Demissão em massa: entenda o que está acontecendo nas empresas

Infelizmente a demissão em massa virou realidade nas empresas. Nos últimos 4 meses de 2022 e nas primeiras semanas de 2023 inúmeros funcionários foram pegos de surpresa ao redor do mundo. Segundo notícia da BBC:

“Na área de tecnologia, por exemplo, as empresas demitiram mais de 150 mil funcionários em 2022, segundo o site de rastreamento Layoffs.fyi. E, em 2023, elas já extinguiram quase 76 mil cargos.”

Mas, essas demissões em massa não se restringem apenas à área de tecnologia. Muitos setores como varejo, comunicações, saúde e finanças também estão eliminando funções para reduzir custos.

Dentre eles, um setor que se destacou foi o de atendimento ao cliente. Segundo dados do Cadastro Geral de Empregados e Desempregados do Ministério do Trabalho, o teleatendimento foi um dos setores que mais fechou postos de trabalho com carteira assinada em 2022.

E é exatamente sobre isso que falaremos no artigo de hoje. Para ficar por dentro, é só acompanhar a leitura até o final.

O que é demissão em massa?

As demissões em massa ficaram popularmente conhecidas como layoffs e representam cortes drásticos no quadro de funcionários. Isso pode acontecer por causa de diversos fatores que vão desde crises econômicas até queda nas vendas ou baixa procura pelos serviços e produtos da empresa.

Porém, vale destacar que diferente da demissão em massa, onde há o desligamento definitivo, quando a empresa anuncia um layoff os funcionários podem ser afastados das atividades temporariamente. Nesse caso, pode acontecer a redução do salário e da jornada de trabalho para que a empresa possa reestabelecer a situação econômica e produtiva.
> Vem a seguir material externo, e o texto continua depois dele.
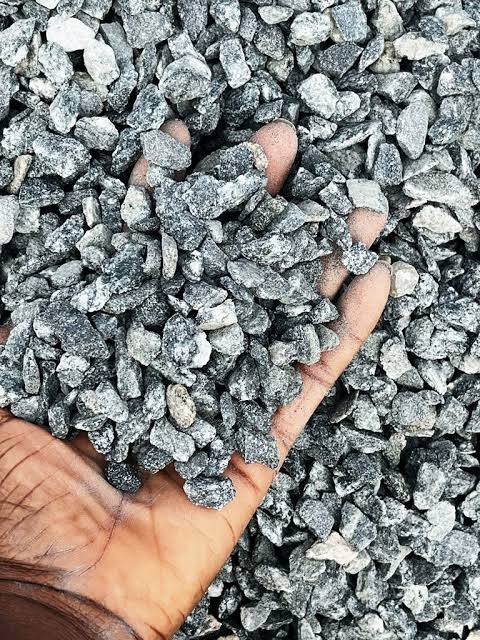 Crushed granite chippings held in hand at a quarry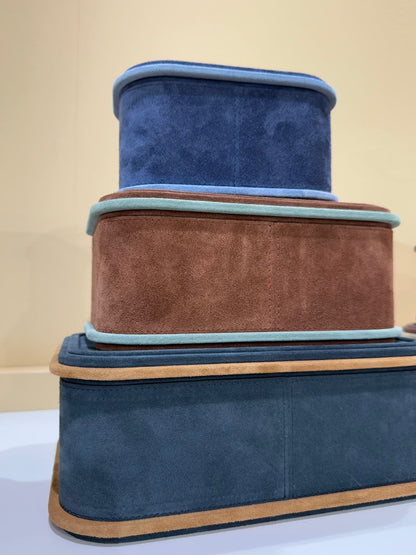 Giobagnara | Rolli Trinket Box: Leather-covered box with layered architectural profiles, monochrome and bicolor, in square, rectangular, long rectangular, and round forms | Decor | 2Jour Concierge, your luxury lifestyle shop | luxury trinket box, Giobagnara Rolli, architectural leather box, Italian designer box
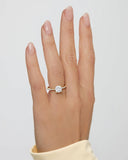 2 carat Cora Cushion Cathedral Pavé Solitaire Diamond Ring on hand, showcasing elegant yellow gold setting and sparkling cushion-cut center stone.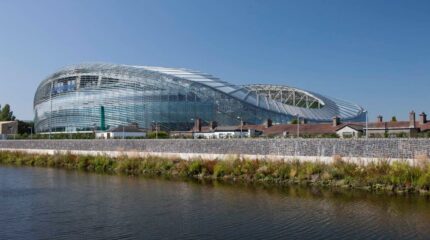 Modern glass architecture of Aviva Stadium in Dublin, with clear blue sky above.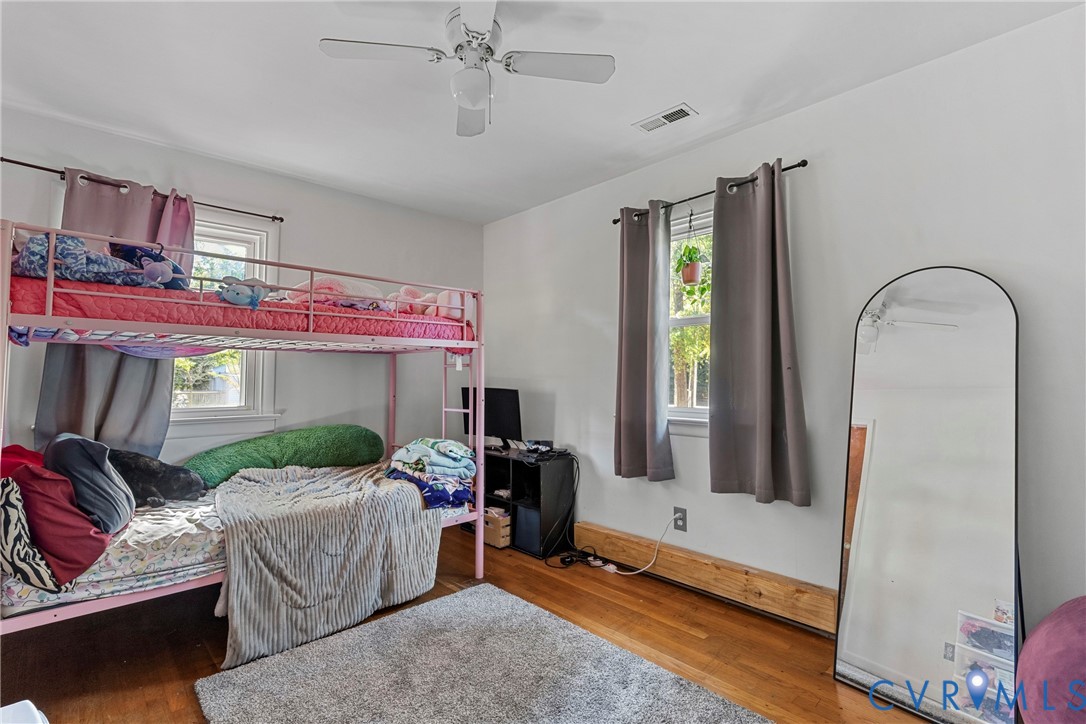 Room featuring wood-finish flooring, dual windows, and a ceiling fan with integrated lighting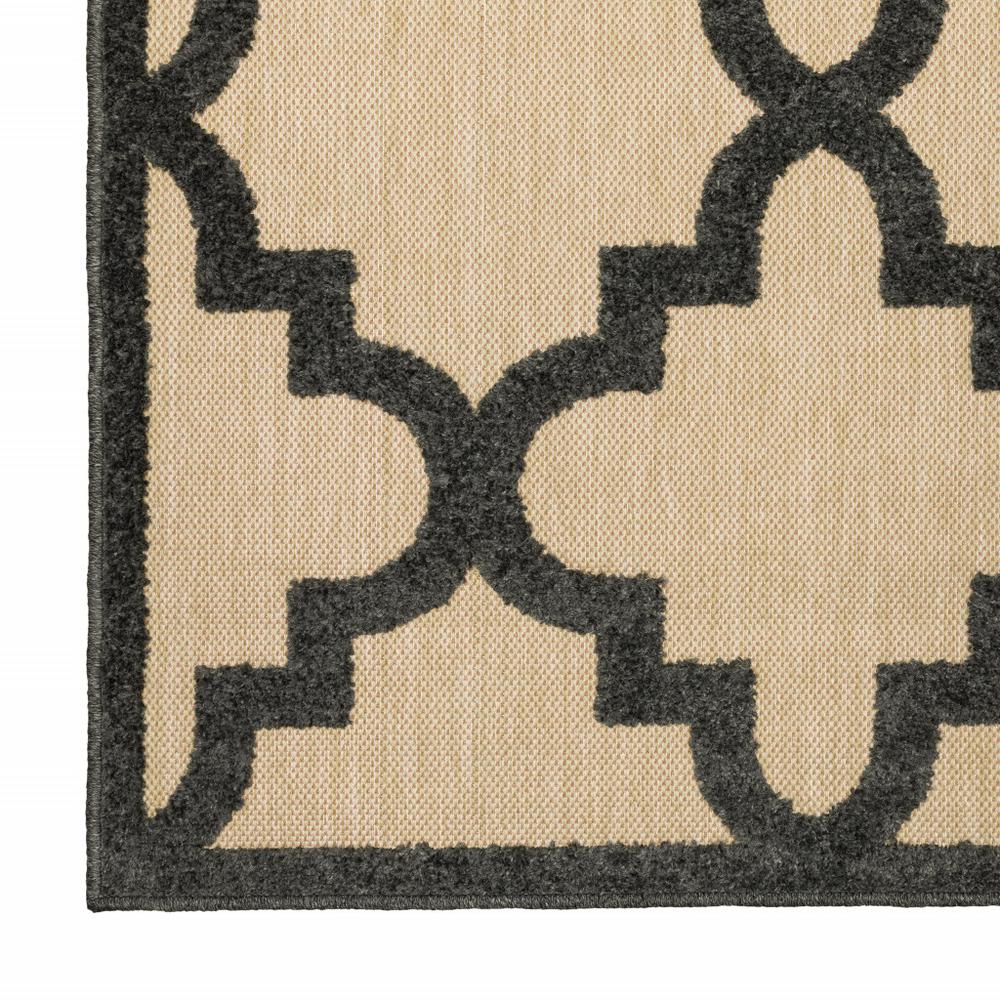 2' X 8' Beige and Black Geometric Stain Resistant Indoor Outdoor Area Rug. Picture 1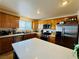 Bright kitchen with stainless steel appliances, an island, and lots of natural light at 10553 Pine Glen Ave # 202, Las Vegas, NV 89144
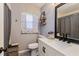 Updated bathroom with white vanity and gray walls at 1533 Findlay St, Deltona, FL 32725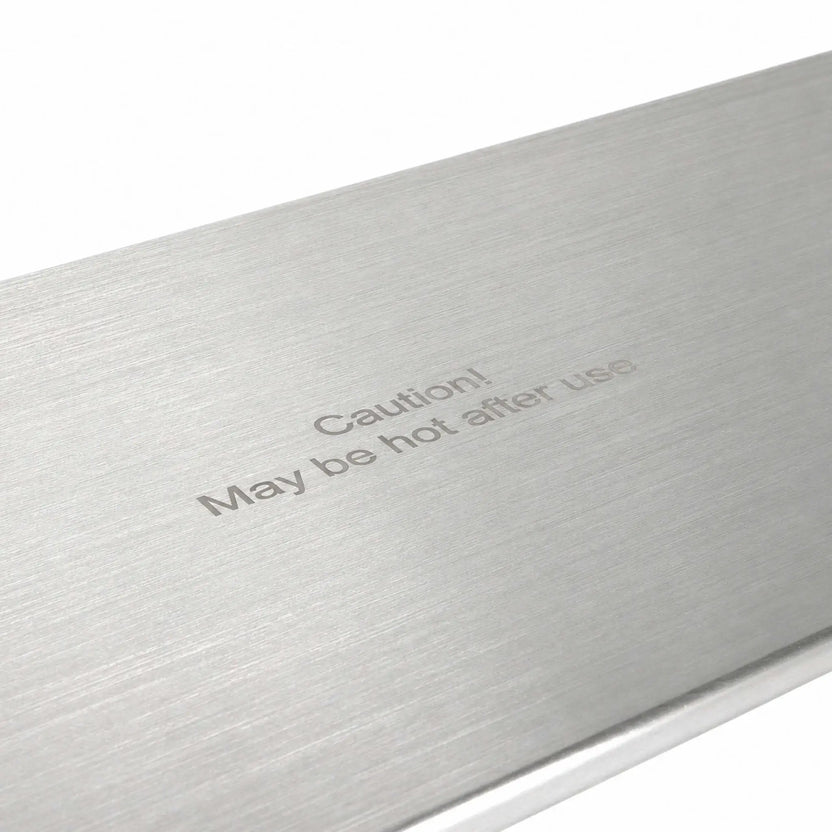 Angled close-up of the Flame Havens Refuge Series 45 x 11-inch stainless steel rectangular burner cover, highlighting its brushed metal surface and centered “Caution! May be hot after use” message. The detailed view shows the fine horizontal grain and clean, finished edge against a white background.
Outro ponto importante é que durante o período de layoff ou demissão em massa, os funcionários podem receber acesso a programas de qualificação ou ajuda para encontrar outro emprego, compensação financeira e seguro-desemprego. Essas ações variam de acordo com cada caso e com as políticas da empresa.

Por que as demissões em massa estão acontecendo?

Atualmente, notamos um movimento de demissão em massa em empresas do mundo inteiro devido ao cenário de instabilidade e retração econômica. No Brasil isso não é diferente, recentemente empresas como PagSeguro, CVC, Buser, Neon e algumas outras anunciaram várias demissões com a justificativa de reestruturação interna.

Infelizmente esses anúncios demonstram que inúmeros setores estão sofrendo os impactos das incertezas resultantes das altas taxas de juros, inflação elevada e recessão de alguns mercados no pós pandemia de covid-19.

Demissão em massa no setor de teleatendimento

Durante muitos anos o setor de teleatendimento foi um dos maiores empregadores do país. Especialmente quando falamos de jovens em busca do primeiro emprego, profissionais que ficaram afastados do mercado ou com idade mais avançada.

Mas, esse cenário mudou. Segundo levantamento da LCA Consultores, em 2022 houve o fechamento de 35.583 postos de trabalho do teleatendimento. Entre as atividades afetadas estão os operadores de atendimento a clientes por telefone: ativo, receptivo e técnico. Ou seja, as áreas com reduções significativas de colaboradores são SAC, Call Center, Contact Center e Telemarketing

Nesse caso específico, vale mencionar que além das questões econômicas, os impactos também ocorreram devido algumas mudanças do próprio mercado.

Por exemplo, com o avanço da tecnologia e dos chats inteligentes, grande parte das empresas conseguiram automatizar etapas do atendimento ao cliente. Isso permitiu uma certa economia em relação a estrutura e tamanho das equipes.

Outro ponto crítico que mexeu com o setor de teleatendimento foram as novas regras e regulamentações da LGPDda lei do SAC. Por um lado as novas mudanças trouxeram grande avanço na proteção e nos direitos dos consumidores. Porém, colocaram alguns obstáculos para atividades de teleatendimento, especialmente quando falamos de telemarketing ativo. Isso porque agora existem restrições que limitam ou até mesmo proíbem certas ligações para os consumidores.

É o fim do teleatendimento?

Não! Infelizmente alguns desligamentos acabam sendo inevitáveis por conta do cenário geral. Mas, apesar das demissões e das restrições para algumas atividades, o setor de atendimento ao cliente sempre será primordial dentro das empresas. E isso inclui o teleatendimento.

Esse é o momento dos gestores olharem para as equipes de atendimento, analisar as novas tecnologias disponíveis e criar soluções para oferecer uma experiência ainda melhor aos consumidores.  Uma boa saída é fazer novas parcerias que otimizam processos do SAC e conseguem lidar com alta demanda de solicitações.